**Work required:**
Your task is to copy the data exactly while leaving out every picture.

**Given data:**
::::::::

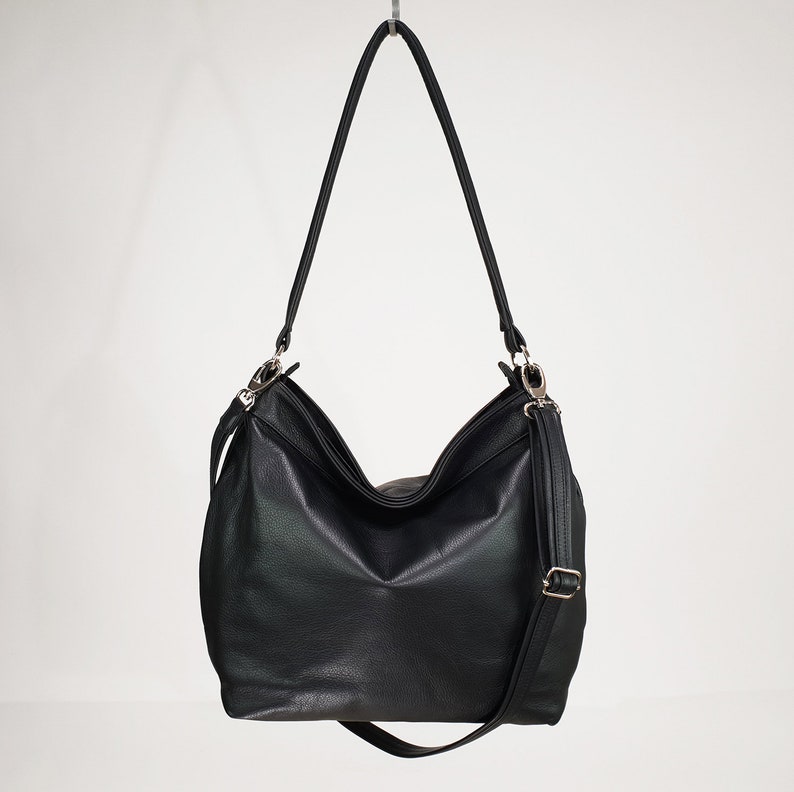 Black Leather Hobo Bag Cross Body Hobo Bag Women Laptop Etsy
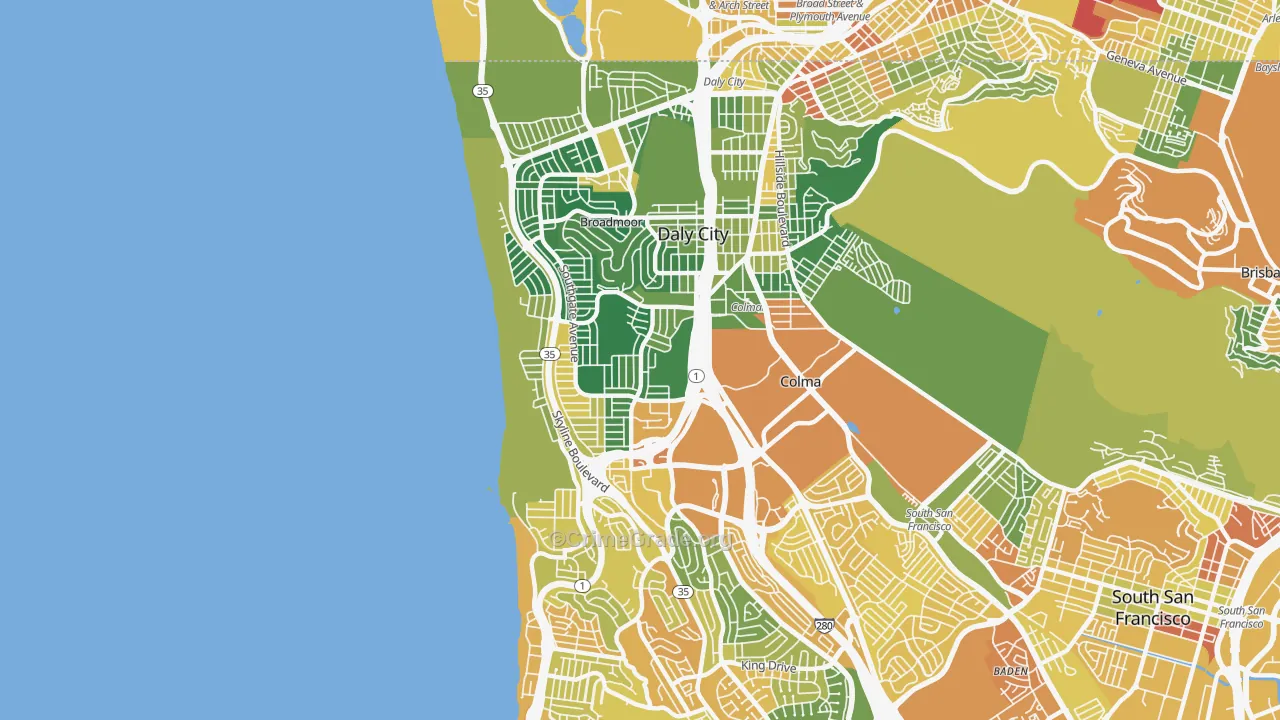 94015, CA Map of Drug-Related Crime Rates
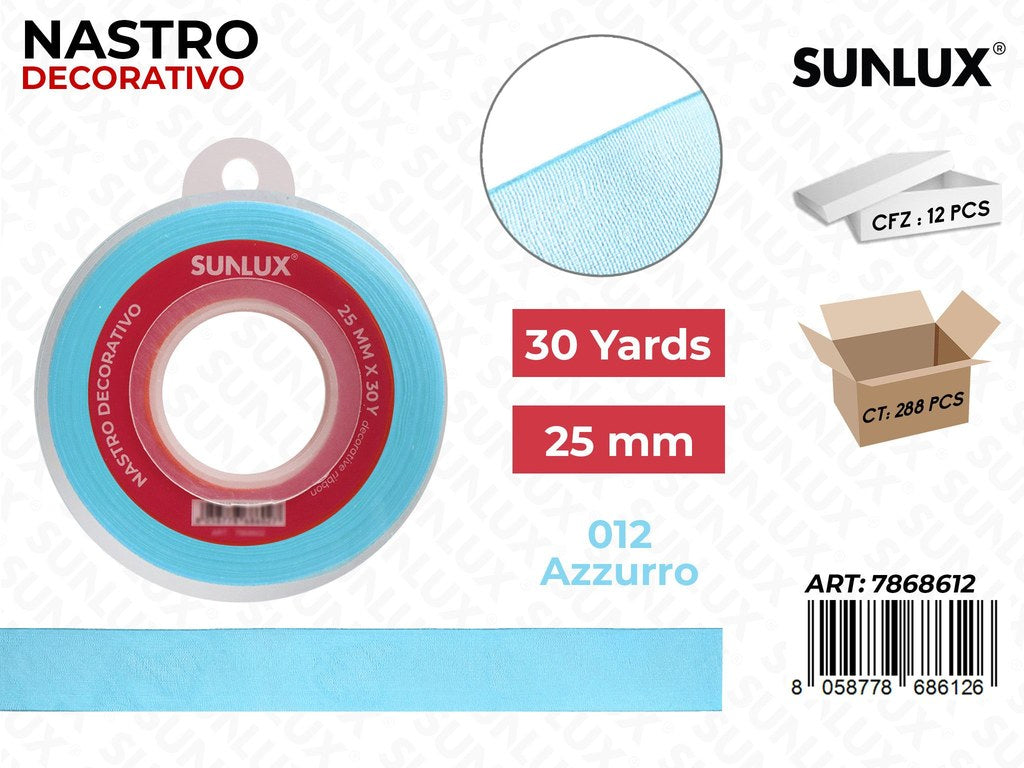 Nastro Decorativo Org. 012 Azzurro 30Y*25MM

::::::::

**Solution for this task:**
 Black Leather Hobo Bag Cross Body Hobo Bag Women Laptop Etsy
 94015, CA Map of Drug-Related Crime Rates
 Nastro Decorativo Org. 012 Azzurro 30Y*25MM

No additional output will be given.